Long-limbed, tall, with a narrow jaw and shrewd, amber-brown eyes, Acer usually cut an impressive, professional figure in tailored suits and polished dress shoes. Now, however, his short brown hair stuck up in sleep-messed tufts on one side of his head. He wore no tie, and he’d missed a button on his shirt, which was only half-tucked into his slacks.

Only yesterday – and barely that – the Nocte Nils celebrations had been at their height. And only yesterday, Magister Eximium had been assassinated in front of hundreds of citizens. Acer hadn’t been there, had just heard the full story from one of his neighbors not an hour ago. But…

A pair of round-framed glasses sat crooked on Acer’s nose, and he straightened them as he reached out. Bathed in warm lantern-light that did little to chase away the cold of Terminus nights, he quietly knocked on his charge’s door. He waited, feeling uncomfortable and out of place on the darkened street. No respectable man went running out of his house in the middle of the night and woke half the neighborhood knocking at the door of a man who was surely…most likely…possibly asleep.

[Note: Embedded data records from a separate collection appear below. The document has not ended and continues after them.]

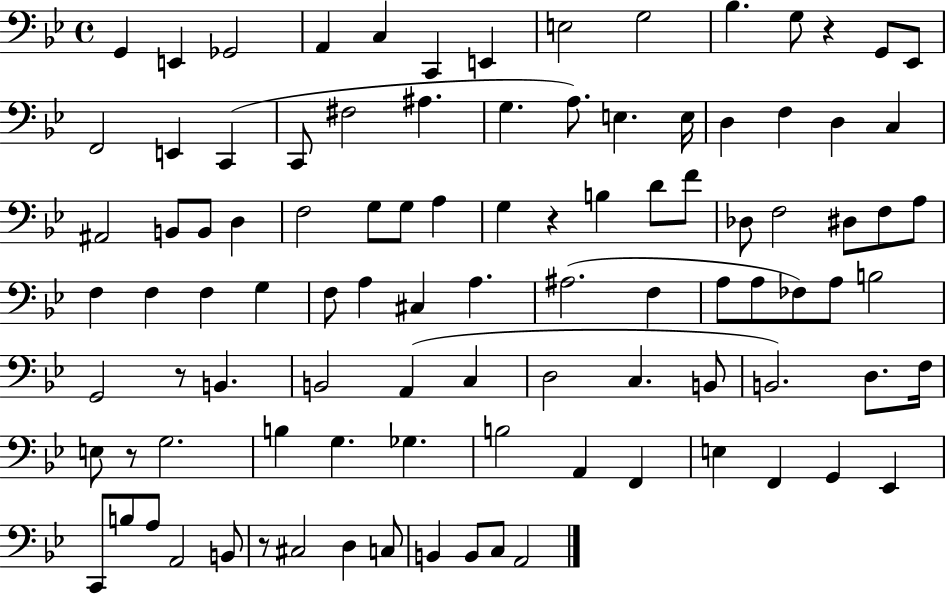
{
  \clef bass
  \time 4/4
  \defaultTimeSignature
  \key bes \major
  g,4 e,4 ges,2 | a,4 c4 c,4 e,4 | e2 g2 | bes4. g8 r4 g,8 ees,8 | \break f,2 e,4 c,4( | c,8 fis2 ais4. | g4. a8.) e4. e16 | d4 f4 d4 c4 | \break ais,2 b,8 b,8 d4 | f2 g8 g8 a4 | g4 r4 b4 d'8 f'8 | des8 f2 dis8 f8 a8 | \break f4 f4 f4 g4 | f8 a4 cis4 a4. | ais2.( f4 | a8 a8 fes8) a8 b2 | \break g,2 r8 b,4. | b,2 a,4( c4 | d2 c4. b,8 | b,2.) d8. f16 | \break e8 r8 g2. | b4 g4. ges4. | b2 a,4 f,4 | e4 f,4 g,4 ees,4 | \break c,8 b8 a8 a,2 b,8 | r8 cis2 d4 c8 | b,4 b,8 c8 a,2 | \bar "|."
}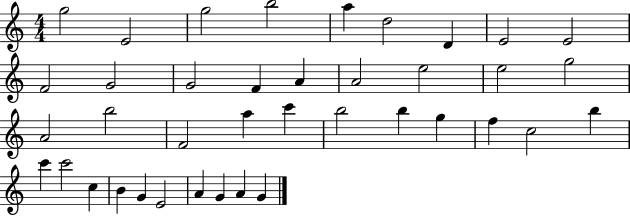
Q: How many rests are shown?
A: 0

He should go back. Try again in the morning. Even Vanitas—

But there was no mistaking the light shining through the gaps in the ground floor window shutters, faint though it may have been, and Acer knew Vanitas kept odd (beyond odd) hours. He knocked again, louder, rapping his knuckles against the door’s thick grain until they ached.

“Vanitas!” he hissed. “Vanitas, open the door!”

The silence that followed felt oppressively loud. Acer bit back a curse. He glanced up and down the empty street, hesitated a moment, and then tried the door.

The latch gave under his hand, and the door eased open without so much as a creak.

Of course it wasn’t locked, Acer reassured himself. Did Vanitas ever properly latch his door? It only felt ominous now because of the late hour and the weight of the news already on his mind.

“Vanitas?” Acer tried again. One hand pressed flat against the wood and the other clutching at the doorframe, he leaned in and peered through the gap in the door.

There stood Vanitas, leaning over one of the many, many workbenches cluttering every corner of the ground floor. Several hanging lanterns, boxed in glass and framed in intricately-carved wood, bathed the workshop’s ledgestone walls and the slate floor in a warm, steady light.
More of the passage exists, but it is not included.